Gas pipelines may be laid underground, on the surface, or on embankments. The pipelines in the European part of the USSR (in the zone of seasonal soil freezing) are usually laid underground. Elevated pipelines on supports—the so-called spiral type—are widely used in the northern regions. In permafrost areas gas pipelines are built up on embankments or are laid on the surface or underground. In certain instances, pipelines are mounted on supports or suspended from cables (over large ravines or rivers); they may also be laid across the bottoms of bodies of water (so-called sag pipes).

Corrosion insulation, cathode protection, and protective shielding are used to protect the pipes from internal or external corrosion.

The gas pressure in the main pipelines is maintained over long stretches by gas-compressor stations.

In the USSR the optimum parameters of gas pipelines are as follows: operating pressure, 5.5 meganewtons per sq m (MN/m2; a gas pipeline with an operating pressure of 7.5 MN/m2 is under construction); compression ratio (maintained by the compressor station), 1.4-1.5; distance between adjacent compressor stations, approximately 100-120 km; unit rating of compressor plants, 5,000-10,000 kilowatts or more. The liquid (water, condensate, oil, and so on) formed in the pipeline during the transport of the gas is collected in condensate tanks.

Gas-distribution stations, at which the pressure is reduced to the level required for supplying consumers, are located at the terminal point of the main gas pipeline. Underground gas-storage facilities are constructed in the vicinity of large cities, and daily irregularities of consumption are partially covered by the use of gas tanks. Thin-walled pipes 720-1,420 mm in diameter are used in modern main pipelines in the USSR.

The first references to gas pipelines date to the beginning of the Common Era, when bamboo pipes were used for transmitting natural gas in China. Gas pipelines made of cast iron were first used in Europe in the late 18th century; in the 19th and 20th centuries they were replaced by steel pipes, which allow the transport of gas under much higher pressure than was possible with cast-iron pipes. The extraction of natural gas achieved its greatest scope in the USA in the early 20th century (20 billion cu m), where the total distance spanned by numerous short gas pipelines was 22,000 km (1918). In 1928-31, gas pipelines 800-1,500 km long and 508-660 mm in diameter were built in the USA.

Until 1941 the development of gas-pipeline transport in the USSR was characterized by the construction of small-diameter (100-250 mm) pipelines for the delivery of gas from deposits with relatively small supplies of natural and by-product natural gas.
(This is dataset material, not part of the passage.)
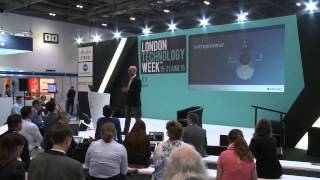 Embrace or be disrupted – Derek White – Digital Director, Barclays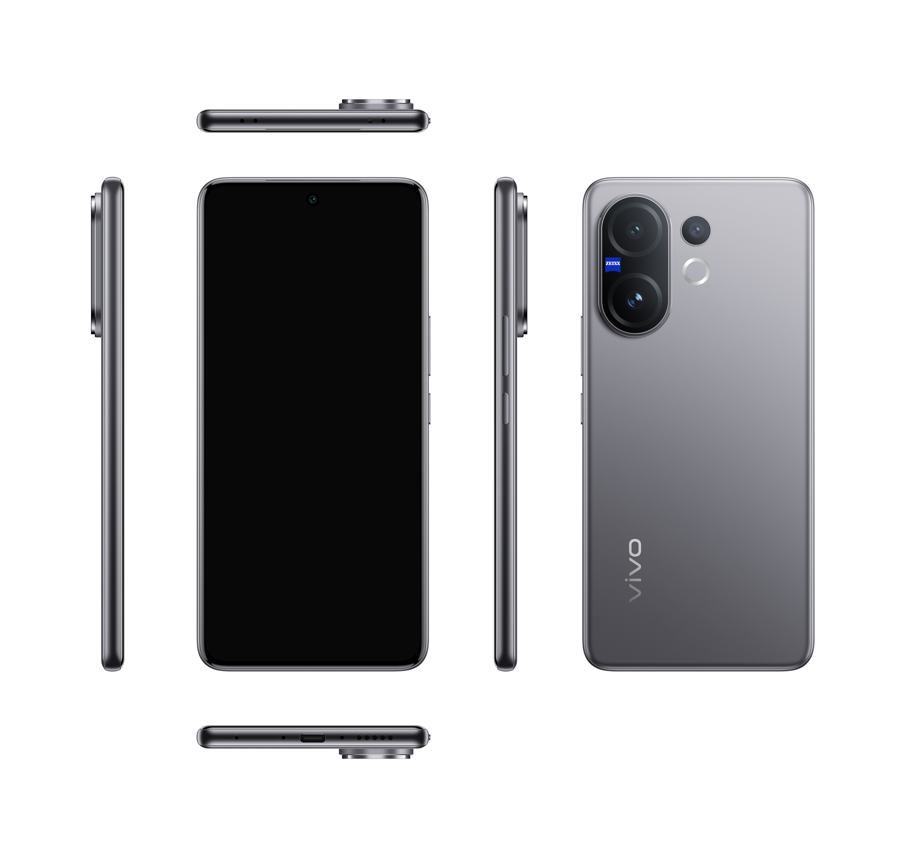 vivo V60 12GB | 256GB Mist Gray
The first long-distance gas-supply pipeline was constructed in the USA in 1944 (the Tennessee gas pipeline). The diameter of this pipeline is approximately 600 mm, and the length of the main line is 3,300 km. In subsequent years large interdistrict systems of pipes 762-914 mm in diameter were created. In 1946-50 the first large gas pipelines were built in the USSR to deliver gas from the deposits in Saratov Oblast to Moscow and from the deposits in Ciscarpathia to Kiev and other cities in the Ukraine. The first main gas pipeline in the USSR was the Saratov-Moscow pipeline, 325 mm in diameter and 800 km long, which was put into operation in 1946. Larger pipelines were constructed later: Dashava-Kiev-Moscow (1,300 km), Serpukhov-Leningrad (813 km), Dashava-Minsk (665 km), Shebelinka-Belgorod-Kursk-Orel-Briansk (507 km), Saratov-Gorky-Cherepovets (1,188 km), and Krasnodar Krai-voroshilovgrad-Serpukhov (approximately 1,300 km). The largest gas-transport systems in the USSR are the double-line Bukhara-Ural system, with a total length of 4,503 km, constructed of pipes 1,020 mm in diameter and with an annual capacity of 21 billion cu m, and the Middle Asia-Central Zone double-line system, constructed of pipes 1,020 and 1,220 mm in diameter, with a total length of approximately 5,500 km and annual capacity of 25 billion cu m. The chief distinguishing feature of the construction of main gas pipelines in the USSR is the creation of a united system ringing the European USSR, which provides increased efficiency of the national economy and ensures continuity and reliability of gas supplies. The steady increase in the proportion of large-diameter gas pipelines (see Table 1) is another distinctive feature in the development of gas-pipeline transport in the USSR.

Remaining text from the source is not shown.